Listed records Start Marker
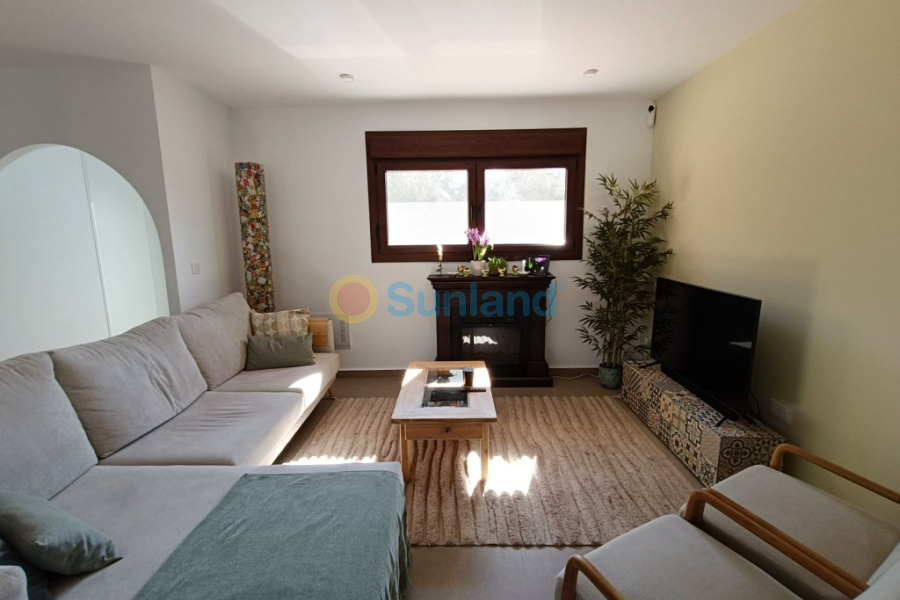 Resale - Villa - Pinar De Campoverde - 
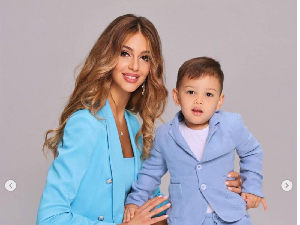 Foto Miss Moscow yang Diceraikan Sultan Malaysia, Tulis Sindiran Soal Anak Foto Miss Moscow yang Diceraikan Sultan Malaysia, Tulis Sindiran Soal Anak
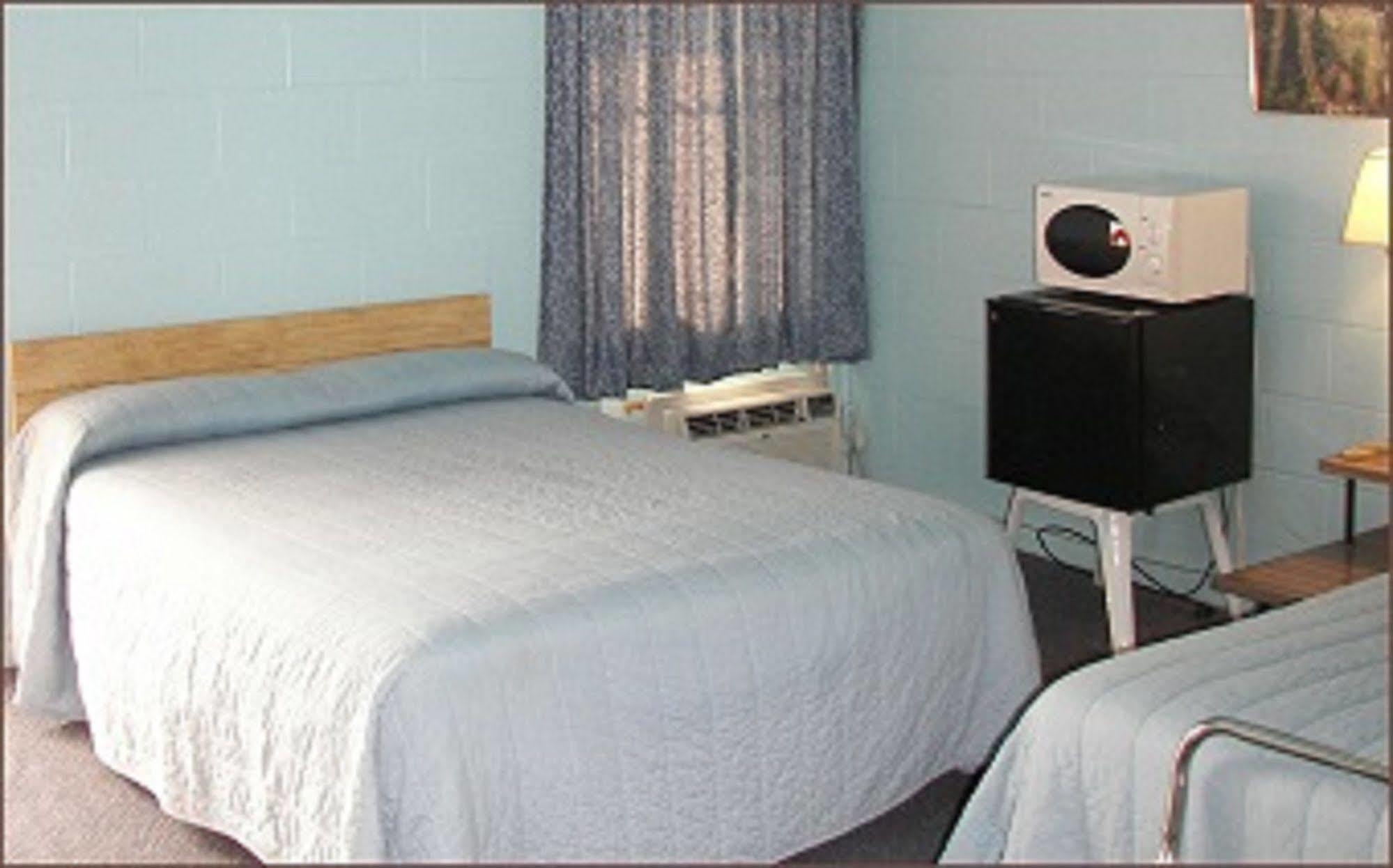 Holiday Host Motel Sonora Eksteriør billede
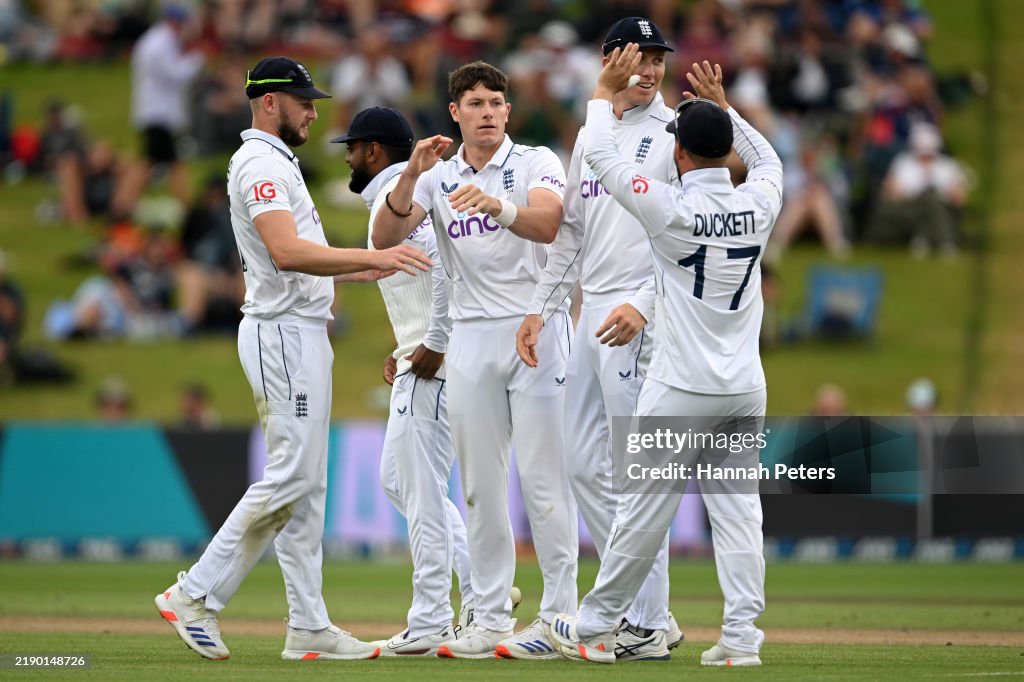 New Zealand v England - 3rd Test: Day 3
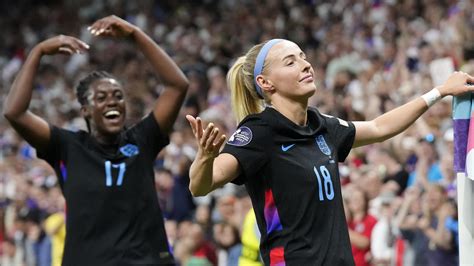 Euro 2025: Should Michelle Agyemang and Chloe Kelly start final? - BBC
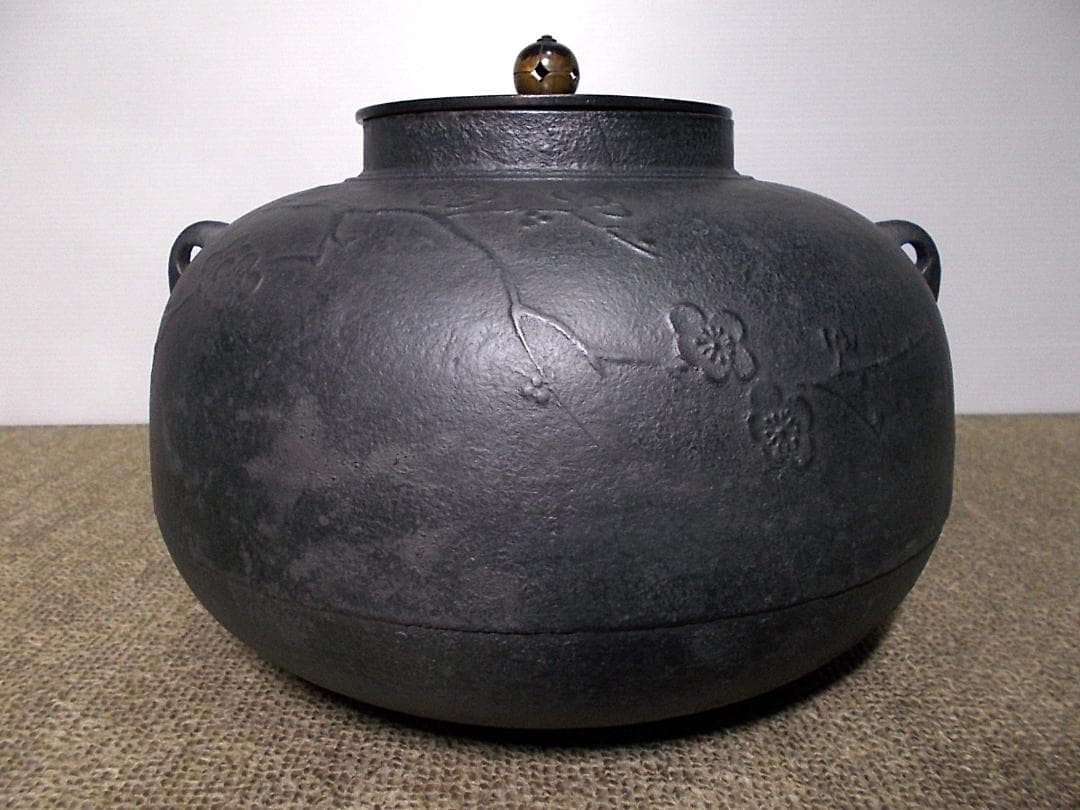 茶道具 鉄鋳物 茶釜 未使用五徳 風炉 桜地紋 底瓦 送料込み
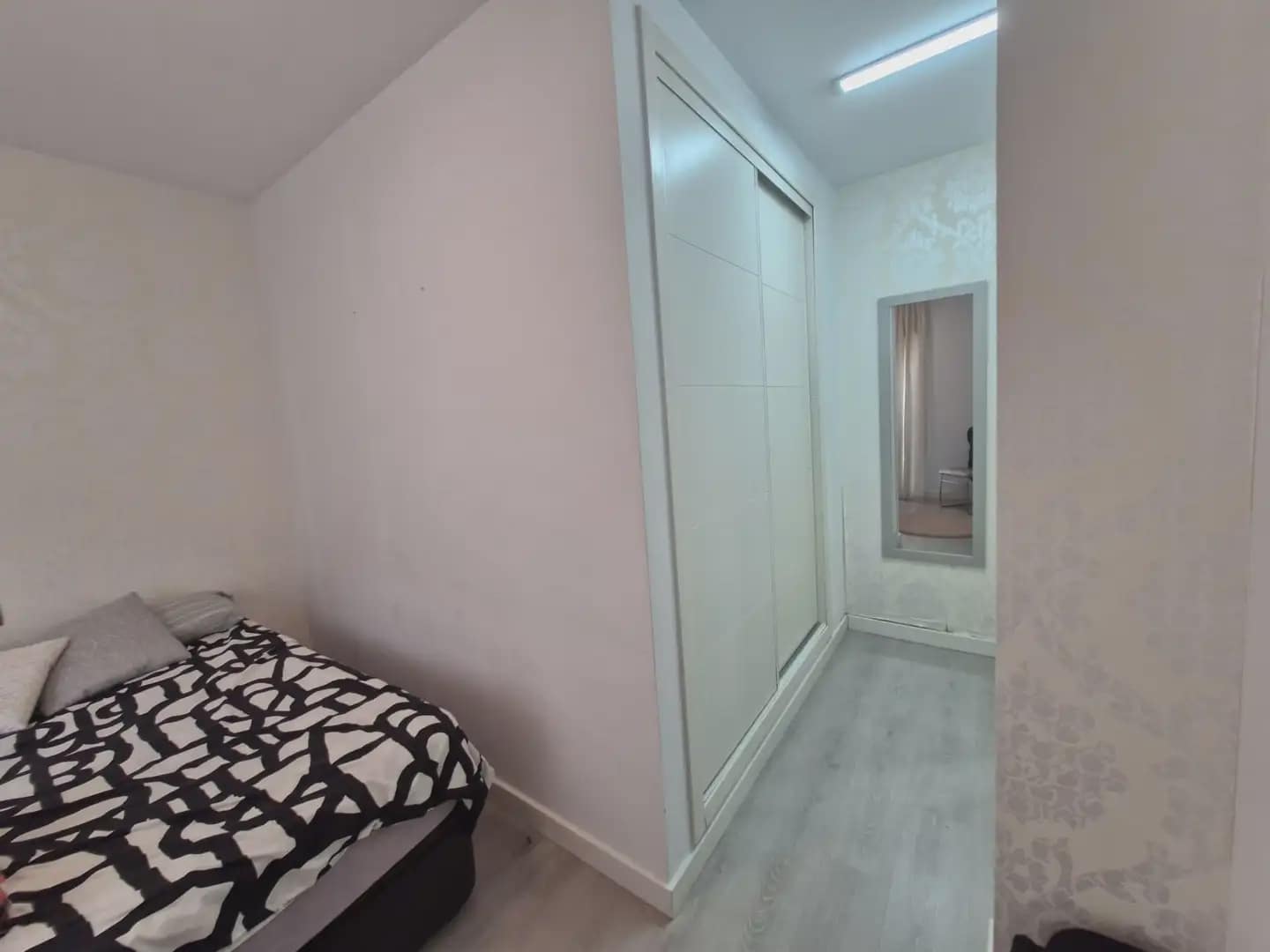 3 soverom Leilighet til salgs i La Linea de la Concepcion med svømmebasseng - € 189 000 (Ref: 9818602)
Listed records End Marker
*Task prompt*:
Your answer must be an exact copy of the records, minus any pictures.

*Output below*:
 Resale - Villa - Pinar De Campoverde - 
 Foto Miss Moscow yang Diceraikan Sultan Malaysia, Tulis Sindiran Soal Anak Foto Miss Moscow yang Diceraikan Sultan Malaysia, Tulis Sindiran Soal Anak
 Holiday Host Motel Sonora Eksteriør billede
 New Zealand v England - 3rd Test: Day 3
 Euro 2025: Should Michelle Agyemang and Chloe Kelly start final? - BBC
 茶道具 鉄鋳物 茶釜 未使用五徳 風炉 桜地紋 底瓦 送料込み
 3 soverom Leilighet til salgs i La Linea de la Concepcion med svømmebasseng - € 189 000 (Ref: 9818602)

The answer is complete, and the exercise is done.